Psychiatry and the Law takes a critical, wide-ranging look at the ways in which psychiatry and the law interact to violate the fundamental stated principles of both professions. One of the issues critically examined is the legitimacy of ‘psychiatric expert testimony’ and whether psychiatrist and psychologist opinion evidence ever satisfies the established reliability criteria for allowing expert testimony. It likewise explores whether “informed consent” is ever obtained from those individuals facing the decision whether to accept or reject a proposed treatment. Other topics examined include the legitimacy of custodial institutionalization, the lawfulness of “treatments” like electroshock, and basic questions about how psychiatry affects the legal process and whether or not it undermines the rule of law.
Biography
Editors: Arnoldo Cantú, LCSW is a clinical social worker with experience in school social work and community mental health working with children, adolescents, and their families in a clinical capacity. He is undertaking Doctoral research at Colorado State University (CSU) with an interest in researching conceptual and practical alternatives to the DSM.

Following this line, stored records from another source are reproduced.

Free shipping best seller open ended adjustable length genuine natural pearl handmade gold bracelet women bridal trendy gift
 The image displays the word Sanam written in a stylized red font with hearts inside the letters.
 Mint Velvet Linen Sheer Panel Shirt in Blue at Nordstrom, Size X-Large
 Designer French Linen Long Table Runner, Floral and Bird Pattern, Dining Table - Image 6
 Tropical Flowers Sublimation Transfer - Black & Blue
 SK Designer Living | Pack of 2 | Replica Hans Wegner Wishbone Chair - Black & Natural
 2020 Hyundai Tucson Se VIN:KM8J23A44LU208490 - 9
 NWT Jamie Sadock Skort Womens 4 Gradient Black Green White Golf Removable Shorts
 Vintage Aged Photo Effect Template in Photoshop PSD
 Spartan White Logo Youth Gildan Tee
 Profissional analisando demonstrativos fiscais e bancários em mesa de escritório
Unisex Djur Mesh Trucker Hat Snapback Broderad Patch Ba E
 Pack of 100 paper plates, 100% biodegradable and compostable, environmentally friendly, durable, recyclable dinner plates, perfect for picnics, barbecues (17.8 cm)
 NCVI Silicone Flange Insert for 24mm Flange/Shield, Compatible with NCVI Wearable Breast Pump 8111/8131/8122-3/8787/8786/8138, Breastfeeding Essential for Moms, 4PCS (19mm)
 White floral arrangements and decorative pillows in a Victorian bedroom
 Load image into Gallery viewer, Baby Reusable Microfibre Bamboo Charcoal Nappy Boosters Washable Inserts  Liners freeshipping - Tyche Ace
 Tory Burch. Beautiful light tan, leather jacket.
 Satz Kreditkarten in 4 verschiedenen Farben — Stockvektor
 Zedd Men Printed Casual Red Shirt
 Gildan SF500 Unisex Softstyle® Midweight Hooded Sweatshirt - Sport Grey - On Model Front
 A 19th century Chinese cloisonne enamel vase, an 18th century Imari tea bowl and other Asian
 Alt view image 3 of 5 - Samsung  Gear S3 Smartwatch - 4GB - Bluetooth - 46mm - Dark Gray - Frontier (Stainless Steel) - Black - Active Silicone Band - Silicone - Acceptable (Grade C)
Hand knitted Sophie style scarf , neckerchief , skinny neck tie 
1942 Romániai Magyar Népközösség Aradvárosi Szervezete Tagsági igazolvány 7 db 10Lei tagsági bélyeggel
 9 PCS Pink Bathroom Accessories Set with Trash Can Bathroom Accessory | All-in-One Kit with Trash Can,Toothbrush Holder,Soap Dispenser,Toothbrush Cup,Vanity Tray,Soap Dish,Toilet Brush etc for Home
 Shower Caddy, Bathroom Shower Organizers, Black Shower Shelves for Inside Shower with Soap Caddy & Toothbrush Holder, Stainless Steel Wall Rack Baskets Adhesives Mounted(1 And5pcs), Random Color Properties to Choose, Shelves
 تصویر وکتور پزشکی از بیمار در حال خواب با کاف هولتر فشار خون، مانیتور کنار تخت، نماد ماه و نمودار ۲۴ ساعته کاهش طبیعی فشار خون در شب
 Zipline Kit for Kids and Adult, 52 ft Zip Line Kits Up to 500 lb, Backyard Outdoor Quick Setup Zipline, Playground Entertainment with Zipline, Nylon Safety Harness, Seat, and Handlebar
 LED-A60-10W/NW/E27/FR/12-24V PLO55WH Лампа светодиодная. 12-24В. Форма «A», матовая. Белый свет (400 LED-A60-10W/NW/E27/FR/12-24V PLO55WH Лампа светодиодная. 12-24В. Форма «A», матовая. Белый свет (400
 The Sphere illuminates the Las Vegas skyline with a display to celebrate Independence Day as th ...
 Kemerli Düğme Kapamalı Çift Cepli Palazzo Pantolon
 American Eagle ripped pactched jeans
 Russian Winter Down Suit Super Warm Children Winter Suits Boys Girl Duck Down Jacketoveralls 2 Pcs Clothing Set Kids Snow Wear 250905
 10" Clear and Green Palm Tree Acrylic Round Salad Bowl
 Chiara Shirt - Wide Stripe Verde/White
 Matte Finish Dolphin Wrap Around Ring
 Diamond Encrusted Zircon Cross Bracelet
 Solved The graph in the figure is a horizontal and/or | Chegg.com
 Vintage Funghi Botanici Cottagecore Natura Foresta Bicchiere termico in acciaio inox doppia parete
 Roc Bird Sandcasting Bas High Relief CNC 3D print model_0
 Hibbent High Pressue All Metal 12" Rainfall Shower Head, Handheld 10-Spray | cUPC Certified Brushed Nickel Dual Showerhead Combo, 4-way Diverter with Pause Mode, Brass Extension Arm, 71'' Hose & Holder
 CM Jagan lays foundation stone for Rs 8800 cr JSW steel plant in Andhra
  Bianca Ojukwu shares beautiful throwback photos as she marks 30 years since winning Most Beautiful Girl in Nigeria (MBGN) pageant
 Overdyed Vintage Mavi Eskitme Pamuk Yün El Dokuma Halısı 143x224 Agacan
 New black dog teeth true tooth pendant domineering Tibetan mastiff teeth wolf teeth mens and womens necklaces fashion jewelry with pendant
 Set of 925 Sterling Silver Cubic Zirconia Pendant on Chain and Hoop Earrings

Dr. Eric Maisel, Ph.D., is a former family therapist, based in California, USA, who works actively as a creativity coach. He is the author of many books on creativity, psychology, and mental health, among them The Future of Mental Health, Humane Helping, and Rethinking Depression.
Dr. Chuck Ruby, Ph.D., is Executive Director of the International Society for Ethical Psychology and Psychiatry. He is a U.S. Air Force veteran and a licensed psychologist in private practice in southern Maryland who has been offering psychotherapy services for more than 25 years.